SOURCE DATA:

*-*-*

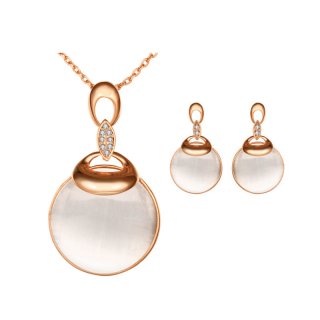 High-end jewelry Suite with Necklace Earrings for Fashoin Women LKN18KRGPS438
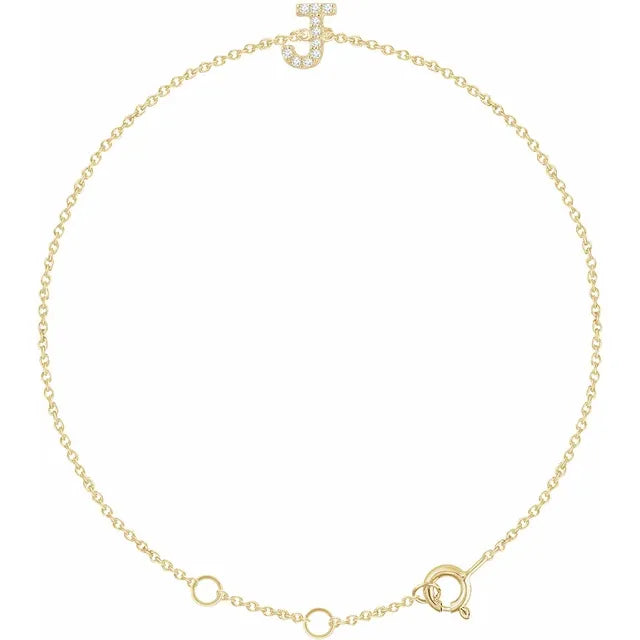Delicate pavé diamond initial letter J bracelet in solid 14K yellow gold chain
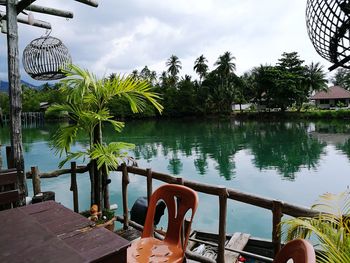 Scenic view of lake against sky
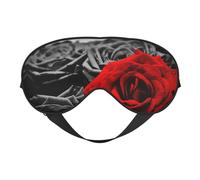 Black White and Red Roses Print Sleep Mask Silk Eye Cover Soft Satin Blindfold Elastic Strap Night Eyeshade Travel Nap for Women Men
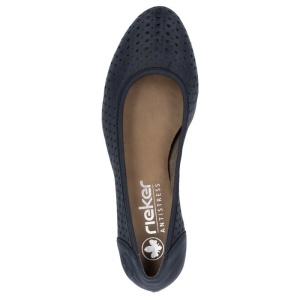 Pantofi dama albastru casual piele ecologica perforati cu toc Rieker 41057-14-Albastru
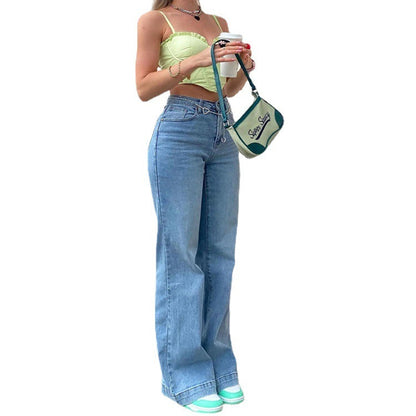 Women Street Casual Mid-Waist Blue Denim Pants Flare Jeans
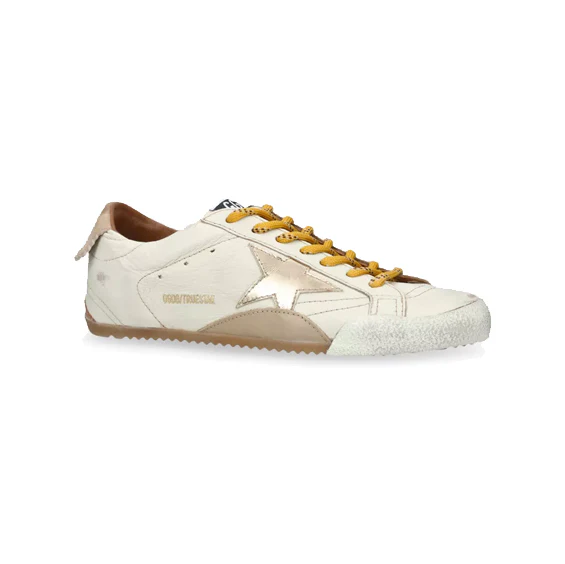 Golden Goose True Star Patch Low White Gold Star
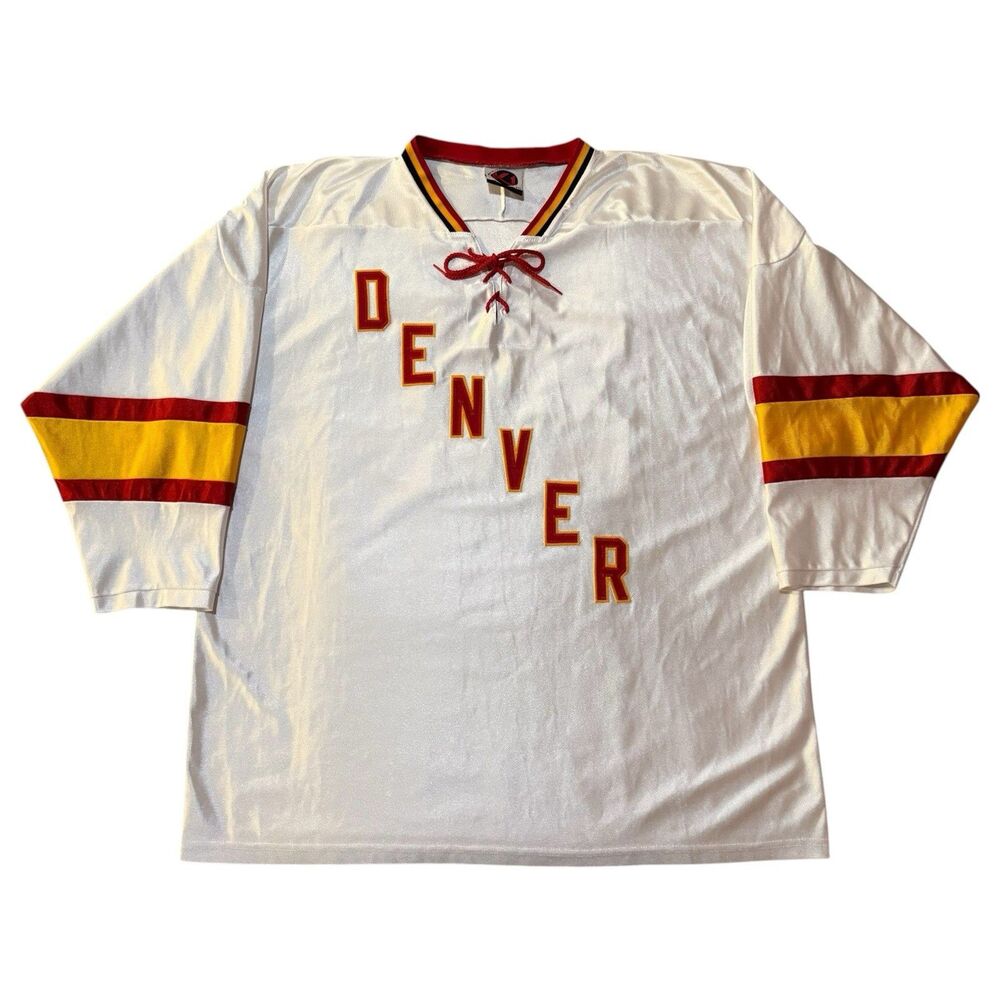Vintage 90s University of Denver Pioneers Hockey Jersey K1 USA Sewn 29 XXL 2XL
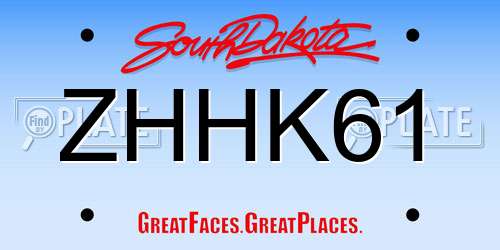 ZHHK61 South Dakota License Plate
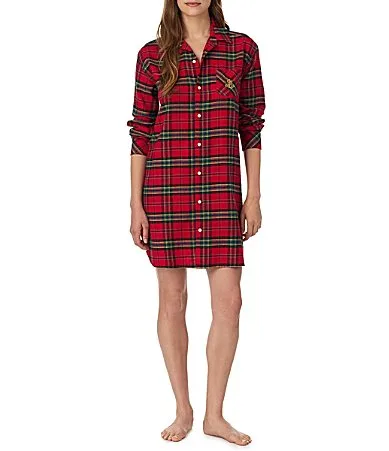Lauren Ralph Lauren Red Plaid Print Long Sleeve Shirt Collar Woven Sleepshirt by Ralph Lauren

*-*-*

EXERCISE:
What is needed here is an exact copy of all the entries, without the pictures.

ANSWER BOX:
 High-end jewelry Suite with Necklace Earrings for Fashoin Women LKN18KRGPS438
Delicate pavé diamond initial letter J bracelet in solid 14K yellow gold chain
 Scenic view of lake against sky
 Black White and Red Roses Print Sleep Mask Silk Eye Cover Soft Satin Blindfold Elastic Strap Night Eyeshade Travel Nap for Women Men
 Pantofi dama albastru casual piele ecologica perforati cu toc Rieker 41057-14-Albastru
 Women Street Casual Mid-Waist Blue Denim Pants Flare Jeans
 Golden Goose True Star Patch Low White Gold Star
Vintage 90s University of Denver Pioneers Hockey Jersey K1 USA Sewn 29 XXL 2XL
 ZHHK61 South Dakota License Plate
Lauren Ralph Lauren Red Plaid Print Long Sleeve Shirt Collar Woven Sleepshirt by Ralph Lauren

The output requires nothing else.